Croatia’s EU Accession Can Relieve Political Pressures On Hungarian MOL

Publication: Eurasia Daily Monitor Volume: 8 Issue: 181

Croatian Prime Minister Jadranka Kosor holding up the EU Accession Treaty (Source EPA)

In a last-minute reversal, Croatia has decided to request the European Commission’s opinion on legal amendments that would bar Hungarian MOL from acquiring more than 49 percent of ownership shares in Croatia’s oil and gas company, INA. The Croatian government’s September 29 meeting had been scheduled to endorse those discriminatory amendments. Instead, the government decided to refer the amendments to Brussels for an opinion based on European law (Poslovni Dnevnik, Vjesnik, September 30).

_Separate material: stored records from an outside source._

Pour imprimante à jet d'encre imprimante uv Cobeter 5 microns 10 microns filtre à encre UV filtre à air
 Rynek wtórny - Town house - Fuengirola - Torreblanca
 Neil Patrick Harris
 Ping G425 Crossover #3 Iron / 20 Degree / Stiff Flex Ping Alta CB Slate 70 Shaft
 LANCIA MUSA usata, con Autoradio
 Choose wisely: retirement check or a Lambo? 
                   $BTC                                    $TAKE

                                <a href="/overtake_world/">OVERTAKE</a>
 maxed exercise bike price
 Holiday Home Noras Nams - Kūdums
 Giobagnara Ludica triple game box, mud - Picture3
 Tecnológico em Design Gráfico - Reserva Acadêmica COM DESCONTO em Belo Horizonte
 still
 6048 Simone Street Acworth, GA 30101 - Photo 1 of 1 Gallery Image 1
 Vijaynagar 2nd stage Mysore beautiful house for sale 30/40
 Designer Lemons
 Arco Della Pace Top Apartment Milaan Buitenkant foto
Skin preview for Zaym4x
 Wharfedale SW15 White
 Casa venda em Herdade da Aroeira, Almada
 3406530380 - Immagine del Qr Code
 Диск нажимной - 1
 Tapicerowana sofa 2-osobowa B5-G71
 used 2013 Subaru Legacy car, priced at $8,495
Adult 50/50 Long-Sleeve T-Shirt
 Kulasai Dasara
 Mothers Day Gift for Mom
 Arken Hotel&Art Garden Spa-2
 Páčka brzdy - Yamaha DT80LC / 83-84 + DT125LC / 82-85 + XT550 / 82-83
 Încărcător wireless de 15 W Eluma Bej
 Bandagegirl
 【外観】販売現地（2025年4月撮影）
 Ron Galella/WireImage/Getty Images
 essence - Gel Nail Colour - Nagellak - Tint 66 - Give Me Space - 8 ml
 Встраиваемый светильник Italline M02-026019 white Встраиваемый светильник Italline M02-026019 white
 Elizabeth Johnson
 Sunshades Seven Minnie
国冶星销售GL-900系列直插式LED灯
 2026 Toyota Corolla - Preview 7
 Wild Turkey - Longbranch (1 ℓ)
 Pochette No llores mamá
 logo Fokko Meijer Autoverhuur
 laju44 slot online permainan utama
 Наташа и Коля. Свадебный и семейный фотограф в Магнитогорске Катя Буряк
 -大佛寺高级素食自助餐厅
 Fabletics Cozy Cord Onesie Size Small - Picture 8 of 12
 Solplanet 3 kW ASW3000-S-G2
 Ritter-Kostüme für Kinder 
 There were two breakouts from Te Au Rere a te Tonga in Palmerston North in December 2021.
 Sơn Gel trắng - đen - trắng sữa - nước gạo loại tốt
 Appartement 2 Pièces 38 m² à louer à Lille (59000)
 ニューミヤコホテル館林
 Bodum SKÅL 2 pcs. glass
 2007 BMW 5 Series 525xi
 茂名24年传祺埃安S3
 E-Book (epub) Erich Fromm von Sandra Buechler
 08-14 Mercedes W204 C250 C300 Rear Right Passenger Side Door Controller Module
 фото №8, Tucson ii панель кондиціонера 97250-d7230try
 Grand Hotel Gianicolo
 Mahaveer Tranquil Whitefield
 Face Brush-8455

The long-running dispute over control of INA far transcends the realm of bilateral relations. Its ramifications are of European significance, given Croatia’s potential to become a transit route for seaborne energy supplies from the Adriatic coast into landlocked Central Europe. Hungarian MOL is one of the drivers of supply diversification efforts in the region. Russian interests have therefore helped orchestrate a political campaign in Croatia to stop MOL from acquiring majority ownership of INA, and even to challenge MOL’s already acquired operational control of INA’s management.

In this respect, Russian strategic interests converge with some local vested interests in Croatia to operate INA for their own benefit, sacrificing the company’s modernization by MOL, and expecting the Croatian state to cover the losses. An unmodernized INA, handicapped by Croatian restrictions against MOL’s investments, would then become an easy target for Russian takeover, on the familiar scenario using local interest groups. Croatian politicians are caught between energy sector modernization imperatives on one side, and populist appeals to keep INA out of “foreign hands” (Hungarian in this case) on the other side, even as Croatia is poised to join the European Union.

Croatia’s parliamentary elections, due in December, increase the politicians’ populist temptations. Conversely, the signing of Croatia’s accession treaty with the EU, scheduled also for December and subject to ratification, counsels adherence to European law. On September 29, the EU set the December date for the signing of Croatia’s accession treaty; and it was also on September 29 that the government in Zagreb submitted the discriminatory legal amendments to Brussels for review, rather than endorsing them as planned. A legal opinion by the European Commission, that the proposed amendments contravene European law, seems likely to result, based strictly on the merits of the case.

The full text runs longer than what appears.